Creating Docker containers for deploying Python scripts - Observatorio-do-Trabalho-de-Pernambuco/documentation GitHub Wiki
This wiki provides a comprehensive guide for developing Docker containers for AWS Lambda functions and local testing using the templates in the infraestrutura-de-dados
repository.
- Overview
- Container Types
- File Structure
- Core Files Explained
- Development Workflow
- Docker Commands
- Testing Locally
- Deployment to AWS Lambda
- Best Practices
- Troubleshooting
This repository contains two types of Docker containers:
-
Template Containers (
containers/template/
): For local development and testing -
Lambda Containers (
containers/lambda/
): For AWS Lambda deployment
- Purpose: Local development, testing, and debugging
-
Base Image:
python:3.11-slim
-
Entry Point: Command-line interface with
main.py
- Use Case: Interactive development and batch processing
- Purpose: AWS Lambda deployment
-
Base Image:
public.ecr.aws/lambda/python:3.11
- Entry Point: Lambda handler function
- Use Case: Serverless execution in AWS
containers/
├── template/
│ ├── ftp_to_s3/
│ │ ├── Dockerfile
│ │ ├── main.py
│ │ ├── requirements.txt
│ │ └── README.md
│ ├── list_ftp_files/
│ │ ├── Dockerfile
│ │ ├── main.py
│ │ ├── requirements.txt
│ │ └── README.md
│ └── s3_to_parquet/
│ ├── Dockerfile
│ ├── main.py
│ ├── requirements.txt
│ └── README.md
└── lambda/
├── ftp_to_s3/
│ ├── Dockerfile
│ ├── lambda_handler.py
│ ├── requirements.txt
│ └── README.md
├── list_ftp_files/
│ ├── Dockerfile
│ ├── lambda_handler.py
│ ├── requirements.txt
│ └── README.md
└── s3_to_parquet/
├── Dockerfile
├── lambda_handler.py
├── requirements.txt
├── README.md
├── test_payload.json
└── build.sh
The Dockerfile defines how to build the container image. It specifies the base image, dependencies, and runtime configuration.

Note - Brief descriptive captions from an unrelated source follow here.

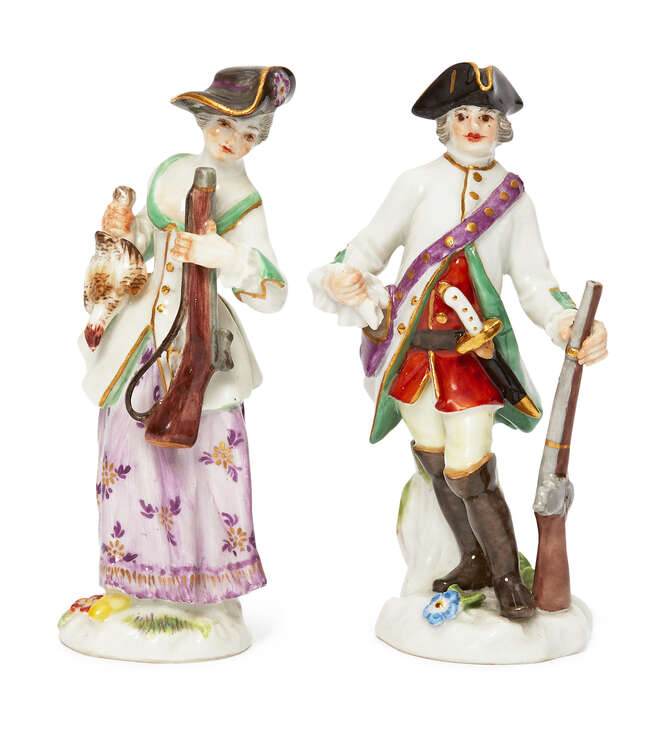 
	
		A pair of miniature Meissen porcelain models of a Hunter and Huntress, both circa....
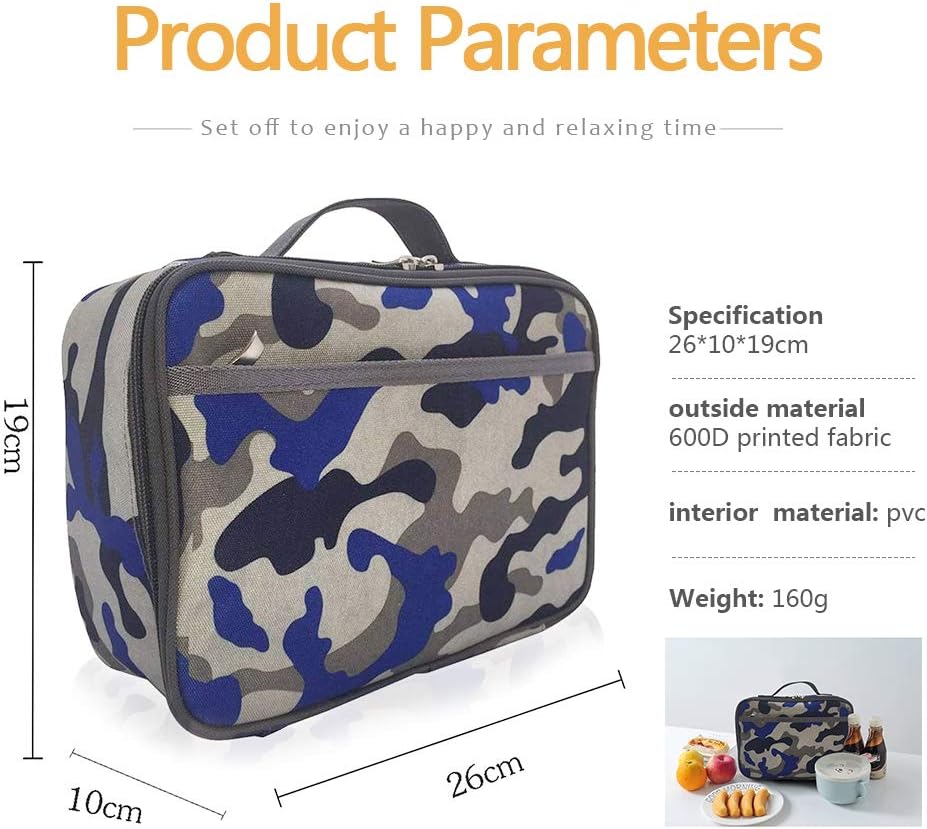 GRKJGytech Insulated Lunch Bag for Men Kids Portable Leakproof Food Drink Camo Cooler Bag for Boys Girls Pack Lunch Box for Work School Picnic Camping(Camo Blue) - Image 3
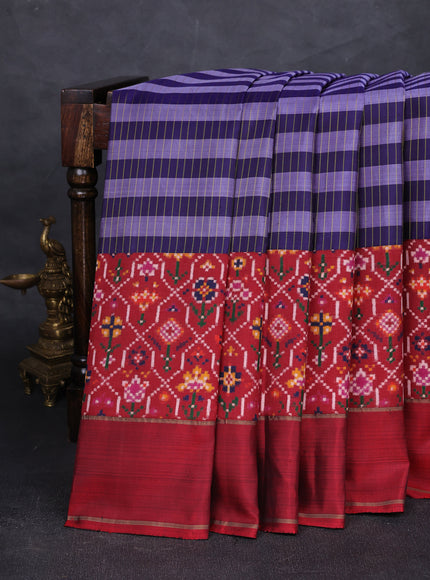Navy - Maroon Pure Kanchipuram Silk Saree With Patan Patola Border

# Use Python 3.12 slim image for smaller size and efficiency
FROM python:3.12-slim
# Set working directory
WORKDIR /app
# Install system dependencies
RUN apt-get update && apt-get install -y \
gcc \
g++ \
&& rm -rf /var/lib/apt/lists/*
# Copy requirements and install Python dependencies
COPY containers/template/your_function/requirements.txt /app/
RUN pip install --no-cache-dir -r requirements.txt
# Copy the source code from the project root
COPY src/ /app/src/
# Copy the main.py script
COPY containers/template/your_function/main.py /app/
# Create a non-root user for security
RUN useradd -m -u 1000 appuser && chown -R appuser:appuser /app
USER appuser
# Set environment variables
ENV AWS_DEFAULT_REGION=us-east-1
ENV PYTHONPATH=/app/src
# Set the entrypoint to run main.py with arguments
ENTRYPOINT ["python", "/app/main.py"]
# Default CMD (can be overridden)
CMD ["--help"]
# Use AWS Lambda Python runtime as base image
FROM public.ecr.aws/lambda/python:3.11
# Install system dependencies
RUN yum update -y && yum install -y \
gcc \
gcc-c++ \
&& yum clean all
# Copy requirements and install Python dependencies
COPY containers/lambda/your_function/requirements.txt ${LAMBDA_TASK_ROOT}/
RUN pip install --no-cache-dir -r requirements.txt
# Copy the source code from the project root
COPY src/ ${LAMBDA_TASK_ROOT}/src/
# Copy the Lambda handler
COPY containers/lambda/your_function/lambda_handler.py ${LAMBDA_TASK_ROOT}/
# Set the Lambda handler
CMD ["lambda_handler.lambda_handler"]
Lists all Python dependencies needed for the function to run.
boto3>=1.36.0
s3fs==2024.6.0
fsspec==2024.6.0
polars>=1.22.0
py7zr>=0.22.0
tqdm>=4.67.1
google-cloud-bigquery>=3.31.0
Best Practices:
- Pin major versions for stability
- Use
>=
for core libraries,==
for specific versions when needed - Keep dependencies minimal to reduce image size
- Test with exact versions in production
#!/usr/bin/env python3
"""
Main entry point for [Function Name] functionality.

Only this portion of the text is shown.